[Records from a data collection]
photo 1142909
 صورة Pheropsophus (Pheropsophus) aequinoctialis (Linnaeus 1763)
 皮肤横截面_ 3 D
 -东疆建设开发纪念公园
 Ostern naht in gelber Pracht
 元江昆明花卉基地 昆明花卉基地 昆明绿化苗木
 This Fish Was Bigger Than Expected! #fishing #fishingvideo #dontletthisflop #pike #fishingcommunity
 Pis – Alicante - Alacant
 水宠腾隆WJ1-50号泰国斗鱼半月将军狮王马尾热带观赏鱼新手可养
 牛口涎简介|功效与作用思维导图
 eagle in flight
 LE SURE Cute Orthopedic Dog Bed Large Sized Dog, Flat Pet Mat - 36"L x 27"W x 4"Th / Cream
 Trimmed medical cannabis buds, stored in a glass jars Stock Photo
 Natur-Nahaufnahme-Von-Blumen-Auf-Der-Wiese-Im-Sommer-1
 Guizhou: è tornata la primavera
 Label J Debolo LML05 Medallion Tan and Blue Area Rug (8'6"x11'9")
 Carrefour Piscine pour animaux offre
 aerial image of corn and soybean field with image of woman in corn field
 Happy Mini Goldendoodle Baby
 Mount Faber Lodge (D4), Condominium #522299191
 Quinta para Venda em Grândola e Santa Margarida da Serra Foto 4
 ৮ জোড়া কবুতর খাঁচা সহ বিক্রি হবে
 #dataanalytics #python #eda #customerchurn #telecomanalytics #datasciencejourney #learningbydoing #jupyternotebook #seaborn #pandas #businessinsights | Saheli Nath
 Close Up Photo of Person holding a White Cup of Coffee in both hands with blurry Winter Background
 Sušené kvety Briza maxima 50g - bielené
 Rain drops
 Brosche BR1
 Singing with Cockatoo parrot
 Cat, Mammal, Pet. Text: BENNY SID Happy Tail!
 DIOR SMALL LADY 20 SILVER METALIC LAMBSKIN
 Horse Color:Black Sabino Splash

### [Work task]
Nothing but the lines from the one with "Natur-Nahaufnahme-Von-Blumen-Auf-Der-Wiese-Im-Sommer-1" through the final line of the records may appear in the answer, and each must be transcribed exactly.

### [Solution to this problem]
 Natur-Nahaufnahme-Von-Blumen-Auf-Der-Wiese-Im-Sommer-1
 Guizhou: è tornata la primavera
 Label J Debolo LML05 Medallion Tan and Blue Area Rug (8'6"x11'9")
 Carrefour Piscine pour animaux offre
 aerial image of corn and soybean field with image of woman in corn field
 Happy Mini Goldendoodle Baby
 Mount Faber Lodge (D4), Condominium #522299191
 Quinta para Venda em Grândola e Santa Margarida da Serra Foto 4
 ৮ জোড়া কবুতর খাঁচা সহ বিক্রি হবে
 #dataanalytics #python #eda #customerchurn #telecomanalytics #datasciencejourney #learningbydoing #jupyternotebook #seaborn #pandas #businessinsights | Saheli Nath
 Close Up Photo of Person holding a White Cup of Coffee in both hands with blurry Winter Background
 Sušené kvety Briza maxima 50g - bielené
 Rain drops
 Brosche BR1
 Singing with Cockatoo parrot
 Cat, Mammal, Pet. Text: BENNY SID Happy Tail!
 DIOR SMALL LADY 20 SILVER METALIC LAMBSKIN
 Horse Color:Black Sabino Splash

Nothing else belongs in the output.